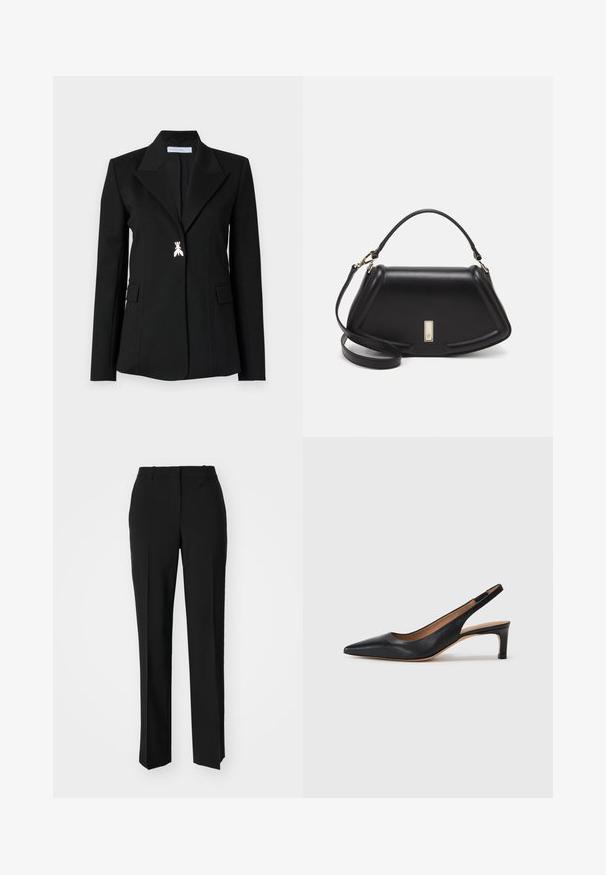 Patrizia Pepe JACKET - Blazer - nero; BOSS ECETA - Long sleeved top - black; Black tailored trousers with a straight-leg design, featuring a smooth texture and crisp creases along the front. No visible hardware.; Black leather slingback pump with a pointed toe, low heel, and a smooth texture. Features a thin adjustable strap for a secure fit.; Black leather handbag with a structured design, featuring a cropped shape, top handle, and gold hardware accent. Adjustable shoulder strap included.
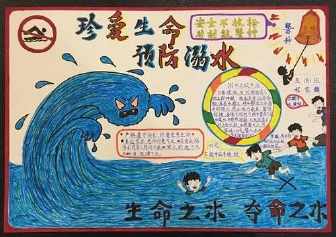 有图又有字防溺水的手抄报 防溺水的手抄报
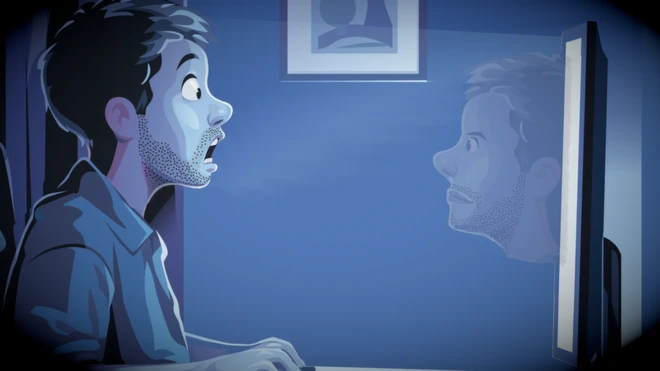 man sees himself on screen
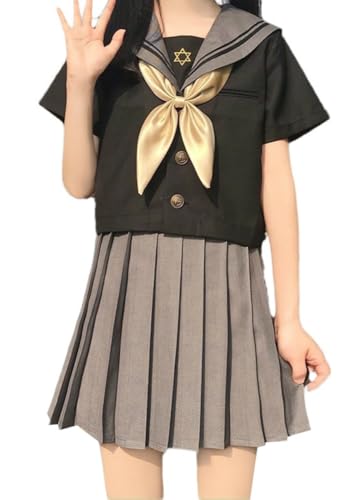 TEDPRBGE Japanisches JK-Uniform-Kostüm, JK, Matrosenuniform, Matrosenkragen, Hemd, grauer Faltenrock, Anime-Kostüm für Damen (kurzärmelig, Größe L) von TEDPRBGE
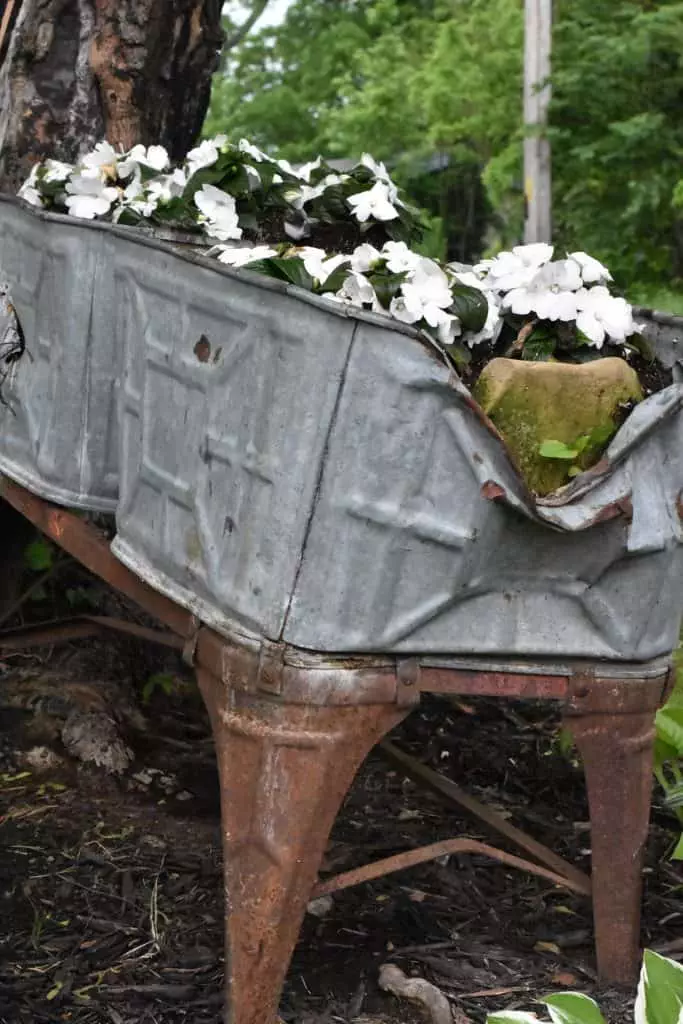 double wash tub planter with legs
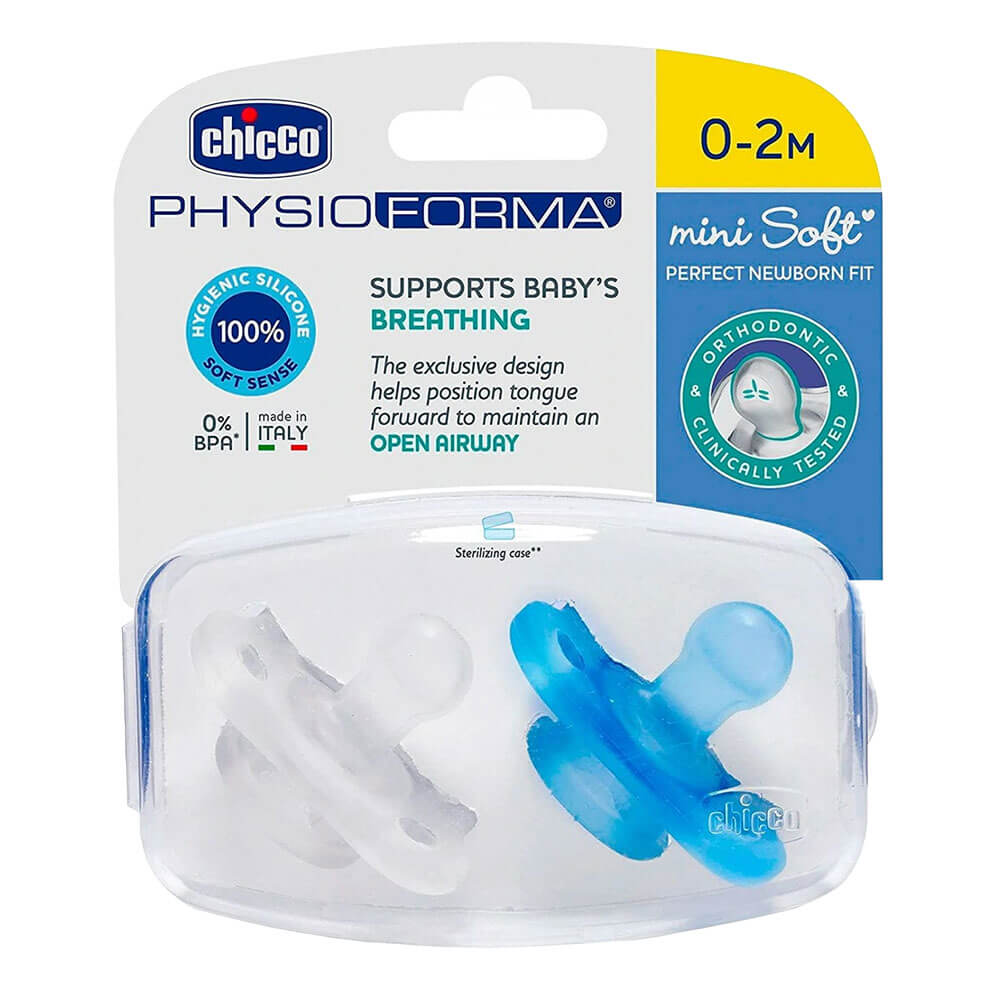 Chicco sykepleie fysio mini myk soother 2 stk (blå)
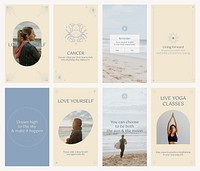 Inspirational quote instagram story template, minimal graphic psd set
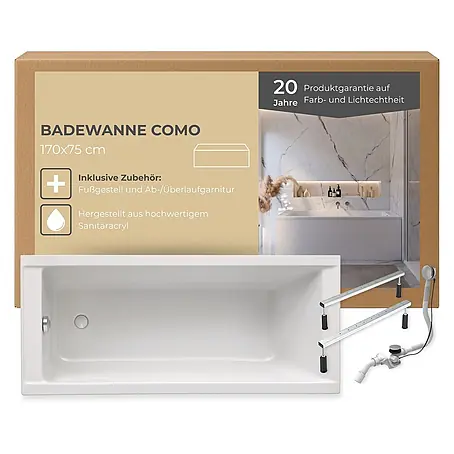 Interpromo  Badewanne Como Komplettset inkl. Fußgestell 170 x 75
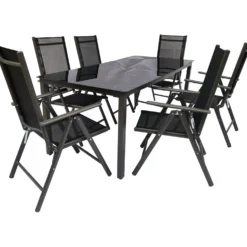 VCM 7-tlg. Sitzgruppe: 190 x 90 cm Tisch + 6 Stühle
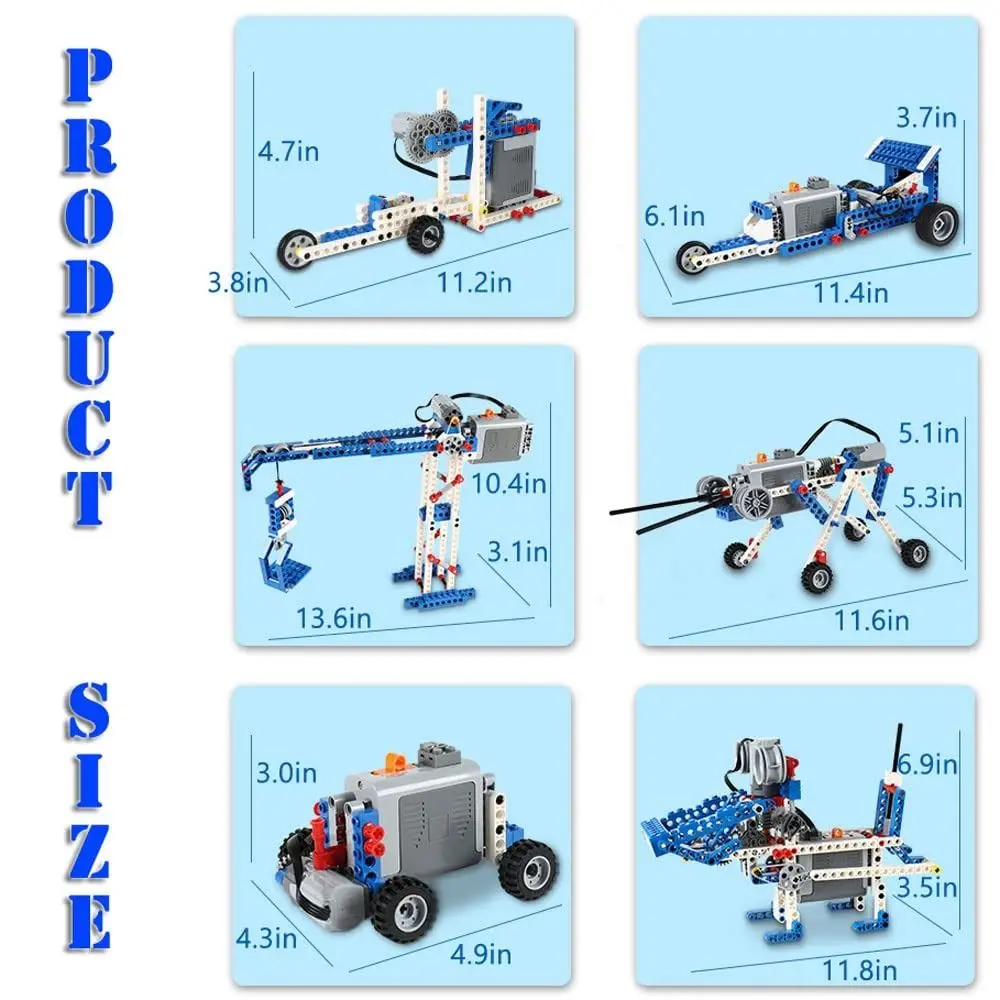396PCS 7 Forme diverse Erector Set Stelo Giocattoli Parti tecniche Motore di energia elettrica Building Blocks Modello Multi tecnologia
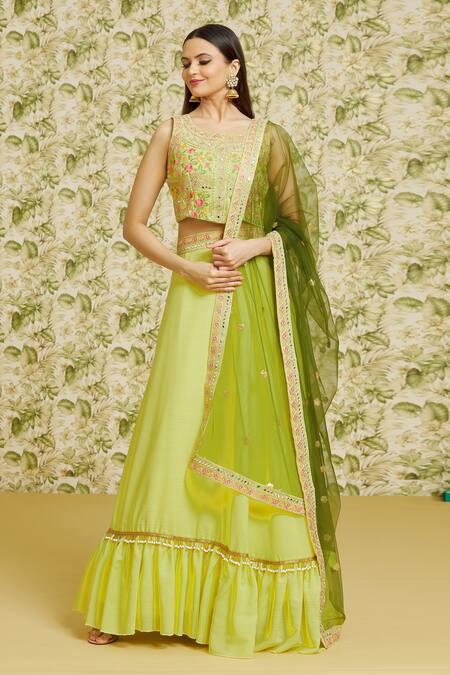 Buy_Samyukta Singhania_Green Silk, Net Sequins, Zari, Mirrors Round Neck Embroidered Blouse Lehenga Set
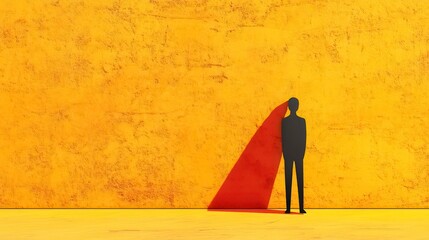 Solitary Figure Against A Yellow Wall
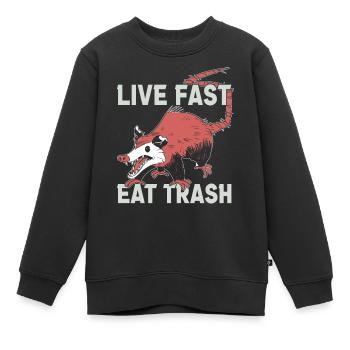 Opossum Trash Opossum Retro - Kinder Premium Organic Sweatshirt - Schwarz - Vorne - AI Model Kid Female (0cm)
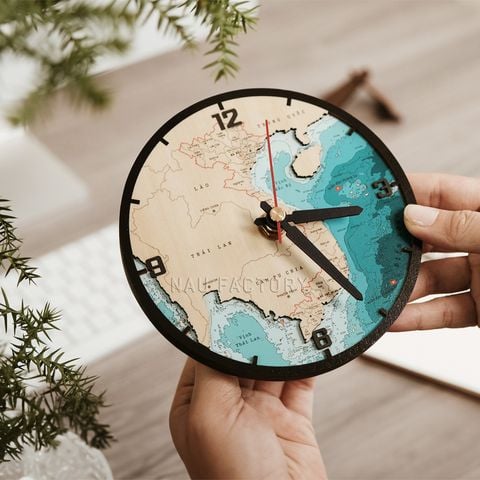 Đồng hồ gỗ để bàn 3D Việt Nam - 34 tỉnh thành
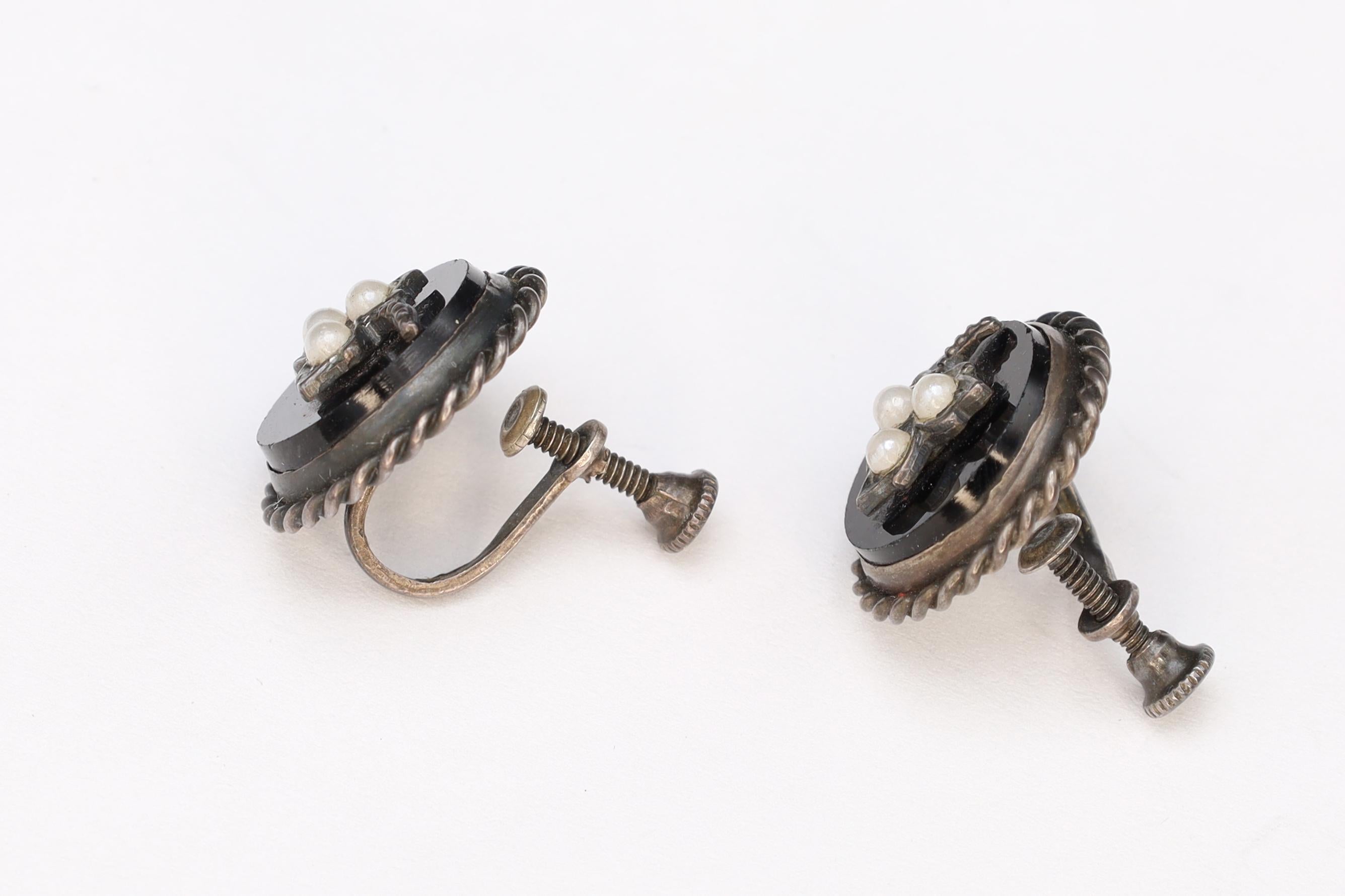 Victorian Era Jewelry, Mourning Screw Back Earrings, Round Black Onyx And Seed Pearls On Sterling Silver Settings, 19th Century Fashion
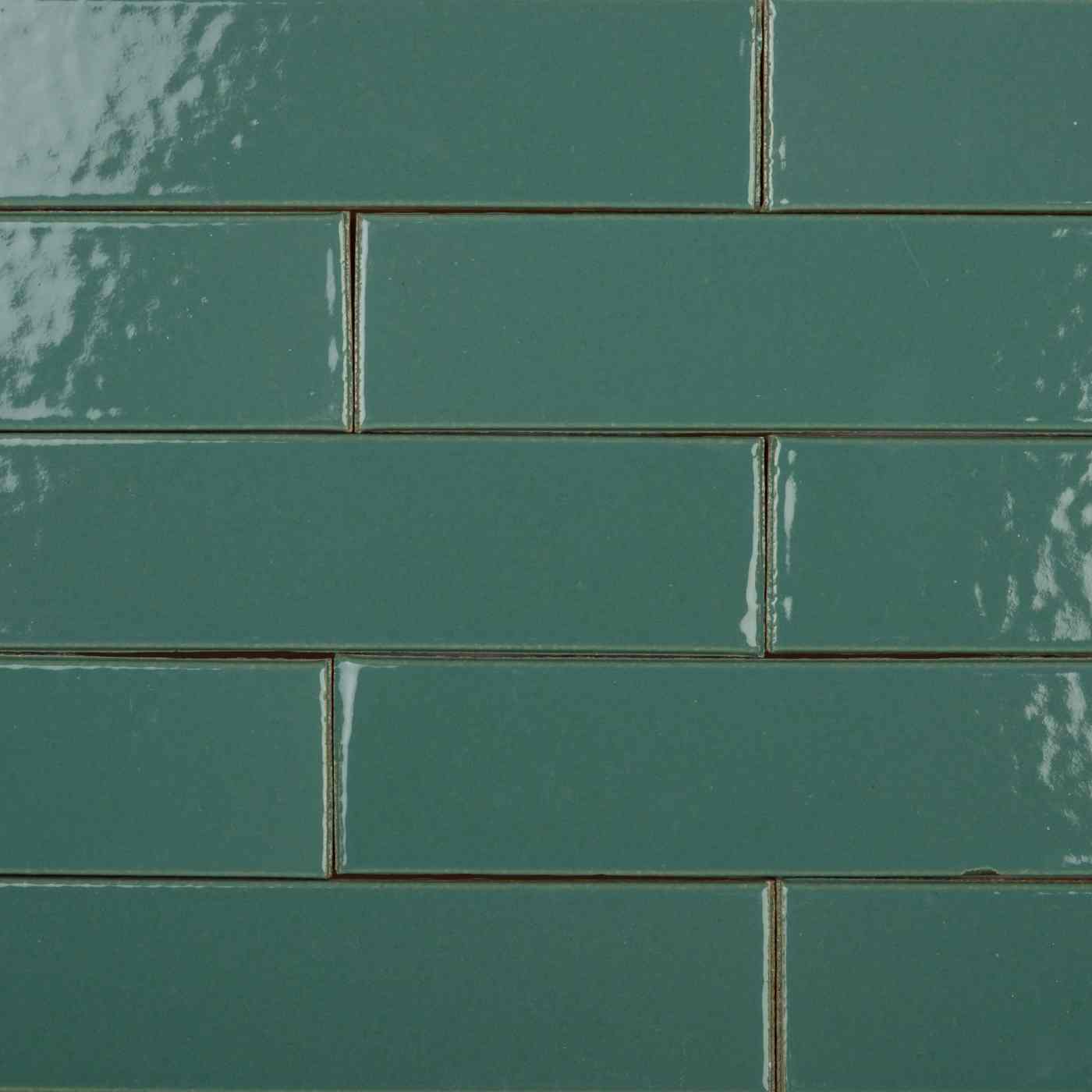 Plaquettes émaillées collées épiderme lisse vert de gris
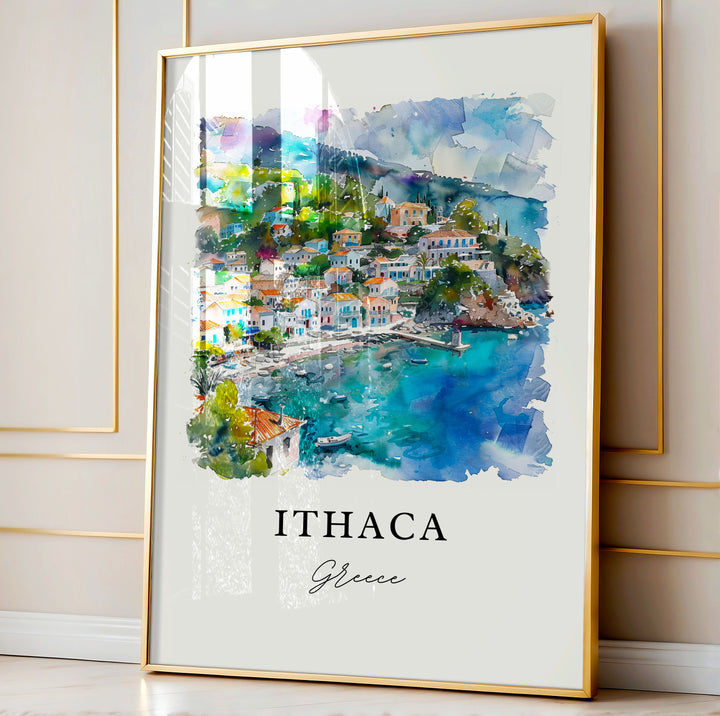 Ithaca Greece Art, Ithaca Print, Kefalonia Watercolor Art, Ithaca Greece Gift,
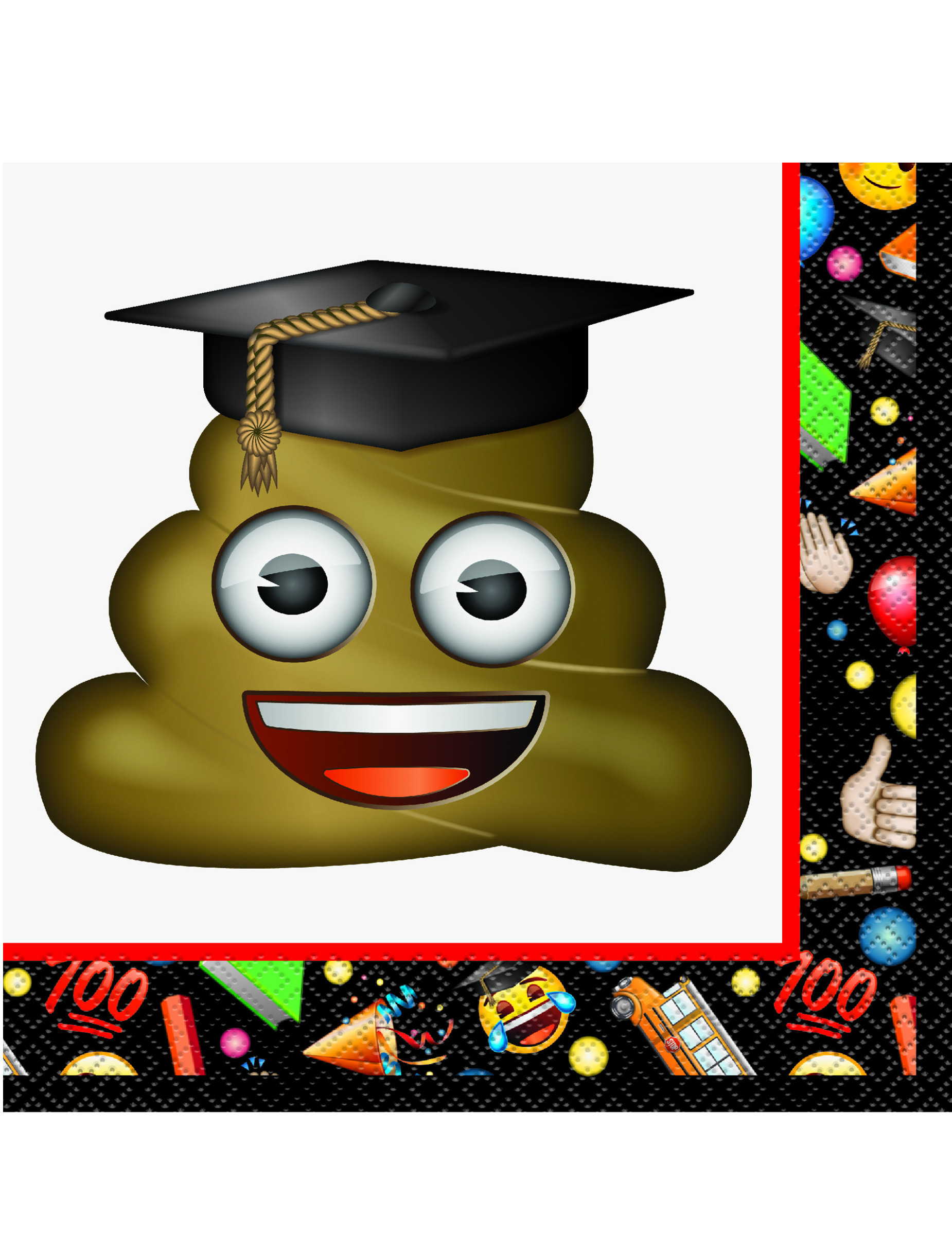 16 Serviettes en papier Emoji diplômé 33 x 33 cm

--- --- ---

- **ABOUT THIS EXERCISE**
Write out an exact copy of the lines beginning at the line that contains "Buy_Samyukta Singhania_Green Silk, Net" and ending at the last line of the listing. Exclude pictures.

- **RESPONSE BELOW**
 Buy_Samyukta Singhania_Green Silk, Net Sequins, Zari, Mirrors Round Neck Embroidered Blouse Lehenga Set
 Solitary Figure Against A Yellow Wall
 Opossum Trash Opossum Retro - Kinder Premium Organic Sweatshirt - Schwarz - Vorne - AI Model Kid Female (0cm)
 Đồng hồ gỗ để bàn 3D Việt Nam - 34 tỉnh thành
 Victorian Era Jewelry, Mourning Screw Back Earrings, Round Black Onyx And Seed Pearls On Sterling Silver Settings, 19th Century Fashion
 Plaquettes émaillées collées épiderme lisse vert de gris
 Ithaca Greece Art, Ithaca Print, Kefalonia Watercolor Art, Ithaca Greece Gift,
 16 Serviettes en papier Emoji diplômé 33 x 33 cm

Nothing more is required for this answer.